** Opening DATASET RECORDS block **
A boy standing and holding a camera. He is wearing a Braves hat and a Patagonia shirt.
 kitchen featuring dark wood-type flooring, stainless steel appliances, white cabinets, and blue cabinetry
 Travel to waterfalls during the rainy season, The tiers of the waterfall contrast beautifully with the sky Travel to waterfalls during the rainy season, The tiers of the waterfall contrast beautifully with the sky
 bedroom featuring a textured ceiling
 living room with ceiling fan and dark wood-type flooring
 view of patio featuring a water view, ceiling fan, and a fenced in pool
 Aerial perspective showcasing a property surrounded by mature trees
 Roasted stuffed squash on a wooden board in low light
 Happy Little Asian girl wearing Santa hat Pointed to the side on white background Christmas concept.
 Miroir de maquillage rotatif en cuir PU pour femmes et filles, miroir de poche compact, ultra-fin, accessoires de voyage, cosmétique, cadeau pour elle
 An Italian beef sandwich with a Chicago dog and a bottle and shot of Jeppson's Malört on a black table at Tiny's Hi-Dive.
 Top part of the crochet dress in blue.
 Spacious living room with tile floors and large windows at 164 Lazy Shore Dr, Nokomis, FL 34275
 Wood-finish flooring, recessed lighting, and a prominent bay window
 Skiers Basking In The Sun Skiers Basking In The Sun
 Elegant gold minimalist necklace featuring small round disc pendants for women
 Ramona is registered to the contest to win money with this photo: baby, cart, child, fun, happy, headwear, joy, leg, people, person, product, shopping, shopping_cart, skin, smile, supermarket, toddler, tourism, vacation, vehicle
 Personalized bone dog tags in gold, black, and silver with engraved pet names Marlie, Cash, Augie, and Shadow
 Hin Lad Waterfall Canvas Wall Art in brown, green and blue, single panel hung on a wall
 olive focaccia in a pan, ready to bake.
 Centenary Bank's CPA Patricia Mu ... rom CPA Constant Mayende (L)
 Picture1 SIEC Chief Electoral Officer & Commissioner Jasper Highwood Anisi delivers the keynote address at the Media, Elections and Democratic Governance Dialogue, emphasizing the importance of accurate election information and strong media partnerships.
** Closing DATASET RECORDS block **
▸ **DIRECTIONS**
Exactly as they appear, print the lines from the one holding "Top part of the crochet dress in blue." through the final line of the entries, and no others.

▸ **YOUR SOLUTION**
 Top part of the crochet dress in blue.
 Spacious living room with tile floors and large windows at 164 Lazy Shore Dr, Nokomis, FL 34275
 Wood-finish flooring, recessed lighting, and a prominent bay window
 Skiers Basking In The Sun Skiers Basking In The Sun
 Elegant gold minimalist necklace featuring small round disc pendants for women
 Ramona is registered to the contest to win money with this photo: baby, cart, child, fun, happy, headwear, joy, leg, people, person, product, shopping, shopping_cart, skin, smile, supermarket, toddler, tourism, vacation, vehicle
 Personalized bone dog tags in gold, black, and silver with engraved pet names Marlie, Cash, Augie, and Shadow
 Hin Lad Waterfall Canvas Wall Art in brown, green and blue, single panel hung on a wall
 olive focaccia in a pan, ready to bake.
 Centenary Bank's CPA Patricia Mu ... rom CPA Constant Mayende (L)
 Picture1 SIEC Chief Electoral Officer & Commissioner Jasper Highwood Anisi delivers the keynote address at the Media, Elections and Democratic Governance Dialogue, emphasizing the importance of accurate election information and strong media partnerships.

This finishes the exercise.